1

I have been trying to fit a sequential polynomial regression model in R and have encountered the following issue: while poly(x) offers a quick way, this function does not respect the hierarchical principle, which roughly states that before moving to higher orders, all terms of lower order should have been included in the model.

One solution here, might be to handpick the order of entrance into the model yourself as I have done with a toy dataset below

pred<-matrix(c(rnorm(30),rnorm(30)),ncol=2)
y<-rnorm(30)

polys<-poly(pred,degree=4,raw=T)
z<-matrix(c(
#order 2
polys[,2],polys[,6],polys[,9],
#order 3
polys[,3],polys[,7],polys[,10],polys[,12],
#order 4
polys[,4],polys[,8],polys[,11],polys[,13],polys[,14]),
ncol=12)

polyreg3<-function(x){
BICm<-rep(0,dim(x)[2])
for(i in 1:dim(x)[2]){
model<-lm(y~pred[,1]+pred[,2]+x[,1:i]) #include one additional term each time
BICm[i]<-BIC(model)
}
list(BICm=BICm)
}

polyreg3(z)
which.min(polyreg3(z)$BICm)

but this is largely impractical for larger degrees of polynomials. I was wondering then, is there a way to deal with this issue, preferably by adapting my code?

josliber
  • 43,891
  • 12
  • 98
  • 133
JohnK
  • 1,019
  • 3
  • 14
  • 30
  • `for` loop are are best avoided in `R`. Removing your loop would be one thing to experiment with. There are plenty of examples of how to do that on SO (for example [here's a more generic example](http://stackoverflow.com/questions/4894506/avoid-two-for-loops-in-r) or [one where somebody is applying a lm to a data.frame](http://stackoverflow.com/questions/27539033/r-apply-lm-on-each-data-frame-row). Also, you may wish to profile your code to find your bottle neck with the [profr package](http://cran.r-project.org/web/packages/profr/index.html). – Richard Erickson Apr 23 '15 at 16:14
  • @RichardErickson Thanks for the suggestions, although they are not my most pressing concerns at the moment. – JohnK Apr 23 '15 at 16:19

1 Answers1

1

If I understand correctly, you'd need not only original independent variables but also all combinations of variables that can be created given a degree.

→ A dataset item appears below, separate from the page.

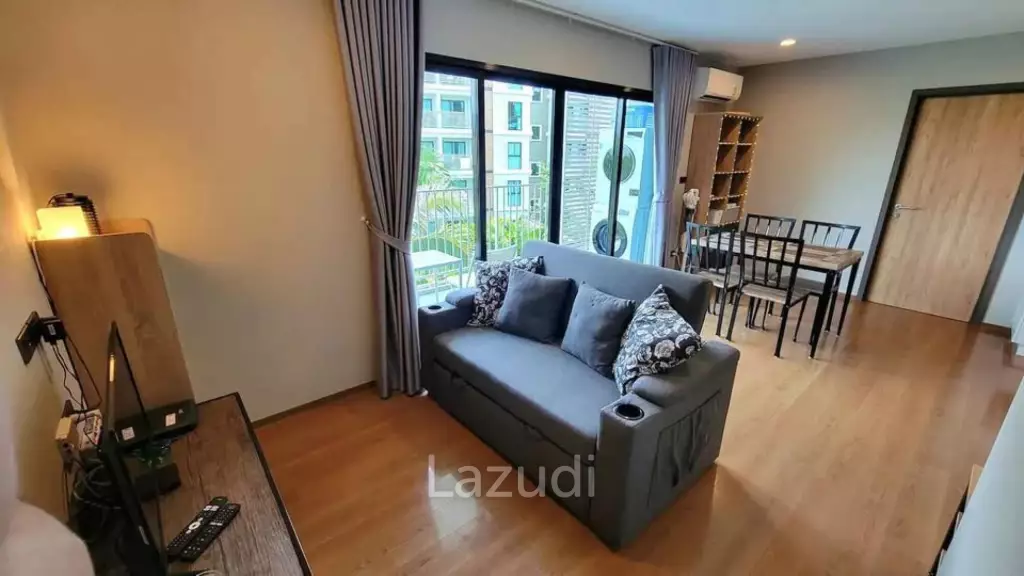 Foreign Freehold 2-Bedroom Condo for Sale Near Rawai Beach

The data is divided by three - dependent variable, original independent variables and extra variables that are created by model.frame(), given a degree (here it is 2 for simplicity).

Then all combinations of extra variables are obtained by combn() and Map() as ways of selecting columns are variable (1 to # of columns).

Data sets to be fit are created by cbind() and they are independent variable (ind) and original independent variables (original) and extra combinations of variables (extra).

Finally lm() is fit and BIC() values are obtained.

Multiple trials are necessary if a higher order of degree is aimed. For example, if degree is 3, both 2nd and 3rd degrees should be applied.

set.seed(1237)
# independent variable
des <- data.frame(y = rnorm(30))
# dependent variables
pred<-matrix(c(rnorm(30), rnorm(30)), ncol=2)
# model frame given degree, 4095 combinations when degree = 4, set degree = 2 for simplicity
polys <- as.data.frame(poly(pred, degree = 2, raw = T))
# original independent variables
original <- polys[,c(names(polys)[names(polys) == "1.0" | names(polys) == "0.1"])]
# extra variables made by model.frame()
extra <- polys[,c(names(polys)[names(polys) != "1.0" & names(polys) != "0.1"])]
# all combinations of extra variables
# Map() for variable q in nCq, do.call() to make list neat
com <- do.call(c, Map(combn, ncol(extra), 1:ncol(extra), simplify = FALSE))
com
[[1]]
[1] 1

[[2]]
[1] 2

[[3]]
[1] 3

[[4]]
[1] 1 2

[[5]]
[1] 1 3

[[6]]
[1] 2 3

[[7]]
[1] 1 2 3

# data combined, followed by fitting lm()
bic <- lapply(com, function(x) {
  data <- cbind(des, original, extra[, x, drop = FALSE])
  BIC(lm(y ~ ., data))
})

do.call(c, bic)
[1] 100.3057 104.6485 104.8768 103.6572 103.4162 108.0270 106.7262
Jaehyeon Kim
  • 1,328
  • 11
  • 16